I see.  Well, you’re obviously a workhorse when it comes to your projects, and it seems like you’ve always got something going on with a project, or you’re in the studio, so what are you currently working on right now, and what do you see coming up in the future?

Nothing [laughs].  It’s like Seinfeld; it’s a show about nothing.  No, but right now, it’s just been full power on promoting it, and I’ve been doing over a hundred interviews so far.  And I’m just really preparing for the shows with Pain right now, and that takes a while to get everything worked out, and also with the tour we’re going to do in Europe, we’re setting out this really cool stage set and stuff like that, and it takes a lot of time and planning and shit.  I’ve basically been really involved in that stuff right now.  But it’s going to cool down a little bit, and then I have a few things that I’m going to mix and one thing that I’m going to produce, and then in September, the tour starts.  It’s not going to end until mid-November, and hopefully after that, we can have a tour in America, you know.  But we’ve got to find a band that would fit for us, you know, because we can’t really go out on and headline, because we’re too small for that.  Then we’re going to have to play pizzerias and gas stations, you know?

[Laughs]  Okay.  So I have to ask this inevitable question: What kind of music are you listening to nowadays?

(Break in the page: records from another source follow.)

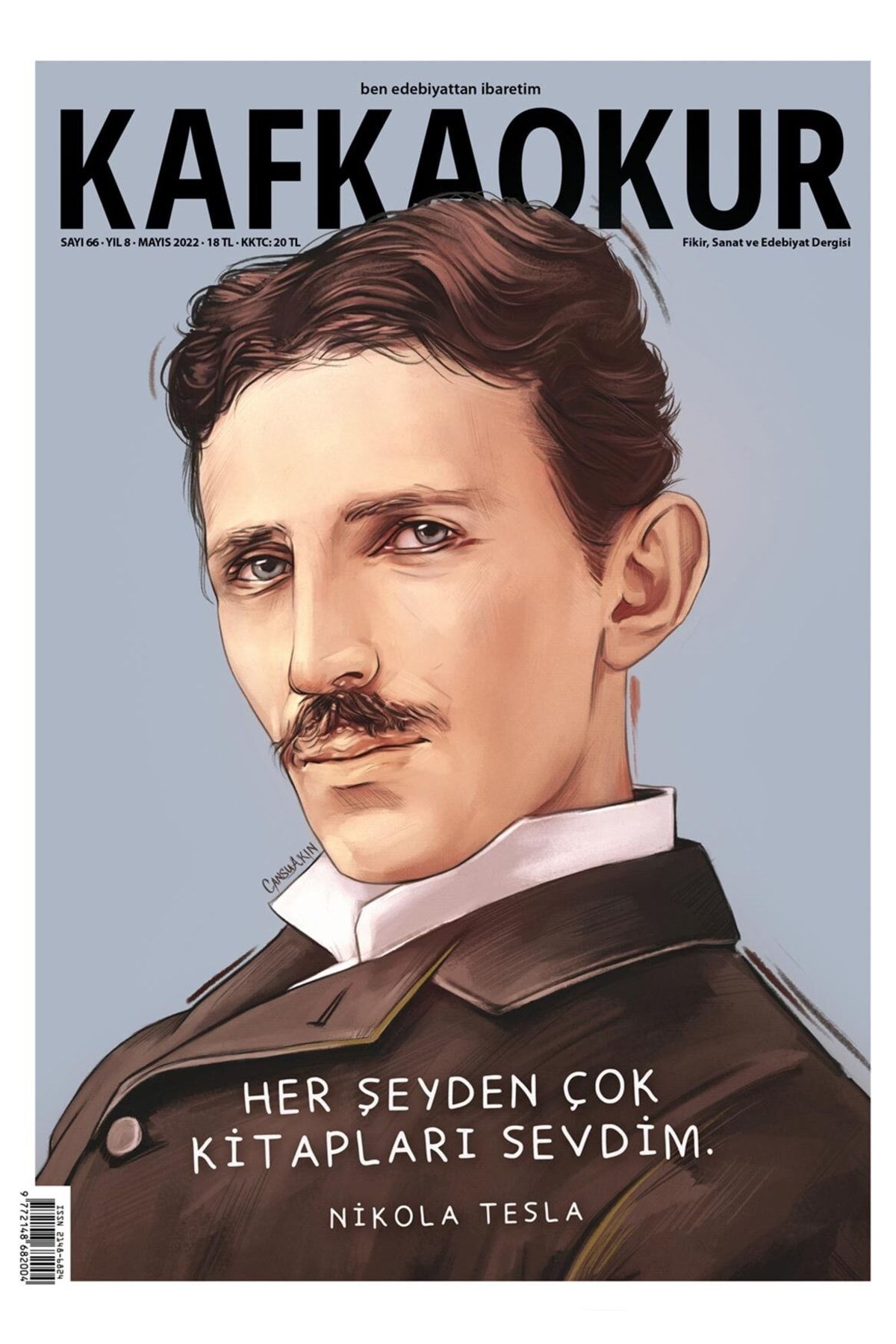 KafkaOkur Dergisi Kafkaokur Sayı 66 - Nikola Tesla - Mayıs 2022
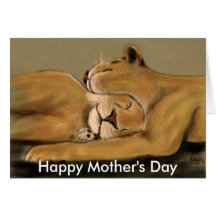 big cat nap, Happy Mother's Day Card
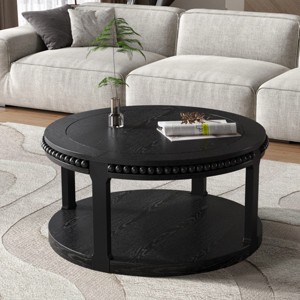 Console Table Glam with Fluted Glass Panels and Crystal Knob Drawer for Entryway 47in-3irtyhousy - 1 of 4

Shit, that’s a good question.  All kinds of stuff.  Anything from Shania Twain to, ooh…it’s really hard to say.  I don’t know.  I usually always go back to the ‘60s and ‘50s and stuff like that.  I don’t know.  Right now, what’s in my car?  I’ve got to think here.  Fuck, that’s really tricky.  AC/DC, I’m listening to right now. T he old shit.

The old shit.

With Bon Scott.

Right on.  I know you’re a busy man, so thank you for taking the time to talk to me.

Yeah, no problem at all.

www.nuclearblast.de

www.painworldwide.com

www.hypocrisy.tv

Comments

  1. Commented by: Sara

    Thank you for the interview.

    Would love to see Pain tour with with DevilDriver and/or Lamb of God. Would be an amazing show.